The Court dismisses this case without prejudice for lack of subject-matter jurisdiction. See Fed.R.Civ.P. 12(h)(3) (“If the court determines at any time that it lacks subject-matter jurisdiction, the court must dismiss the action”); Brereton v. Bountiful City Corp., 434 F.3d 1213, 1218 (10th Cir. 2006) (“[D]ismissals for lack of jurisdiction should be without prejudice because the court, having determined that it lacks jurisdiction over the action, is incapable of reaching a disposition on the merits of the underlying claims.”) (emphasis in original).

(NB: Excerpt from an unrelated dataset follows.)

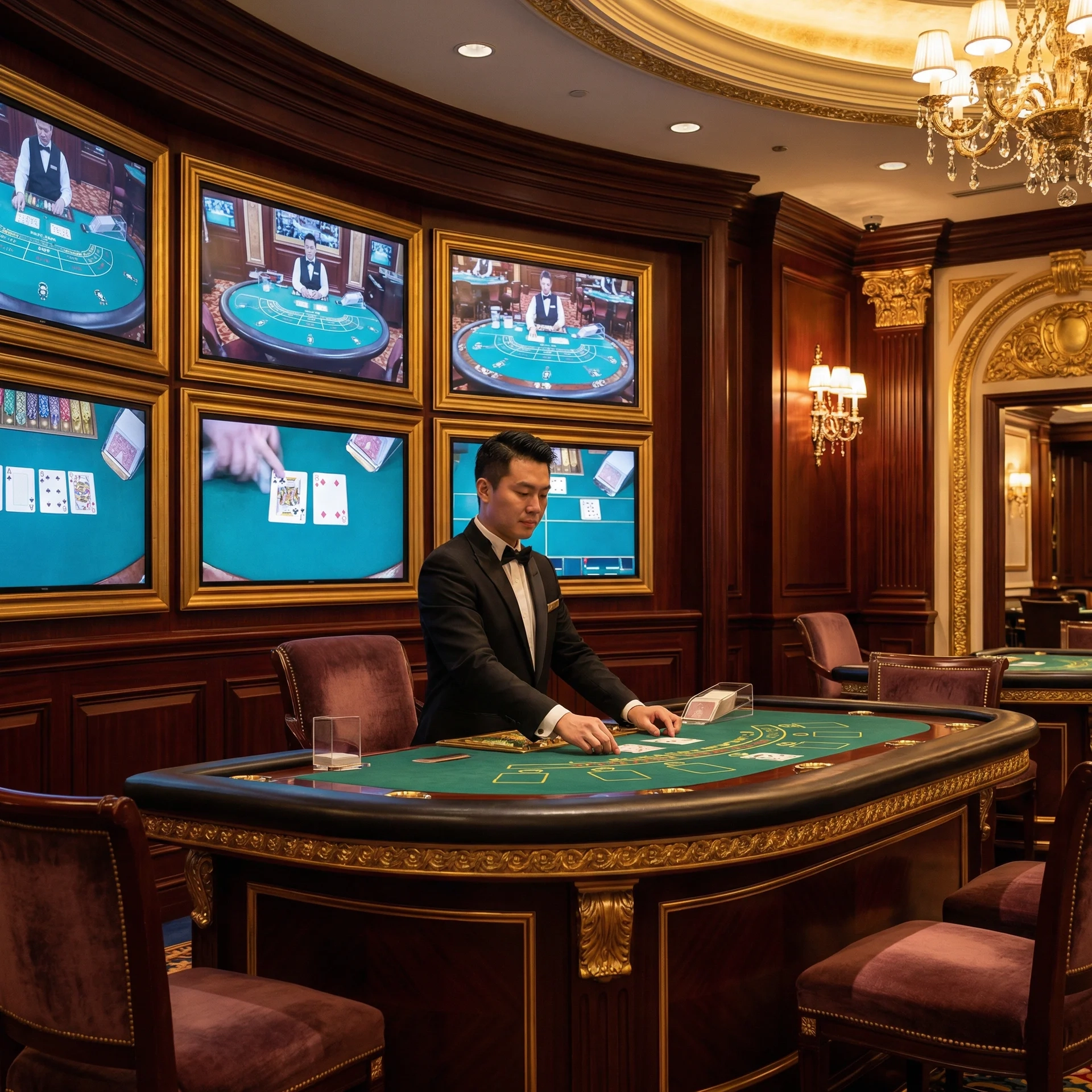 真人荷官在线直播百家乐游戏画面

Application to Proceed In Forma Pauperis
Plaintiff paid the filing fee a little over two weeks after filing his original Complaint. See Doc. 5, filed January 19, 2024. Plaintiff filed an Application to Proceed in District Court Without Prepaying Fees or Costs on the same day that he filed his Amended Complaint. See Doc. 8, filed January 22, 2024 (“Application”). Plaintiff did not sign the Application as required by Rule 11 of the Federal Rules of Civil Procedure. See Fed.R.Civ.P. 11(a) (every document “must be signed ... by a party personally if the party is unrepresented . . . The court must strike an unsigned paper unless the omission is promptly corrected after being called to the . . . party's attention”). The Court denies Plaintiffs Application as moot because the Court is dismissing this case.
IT IS ORDERED that:
(i) This case is DISMISSED without prejudice.
(ii) Plaintiffs Application to Proceed in District Court Without Prepaying Fees or Costs, Doc. 8, filed January 22, 2024, is DENIED as moot.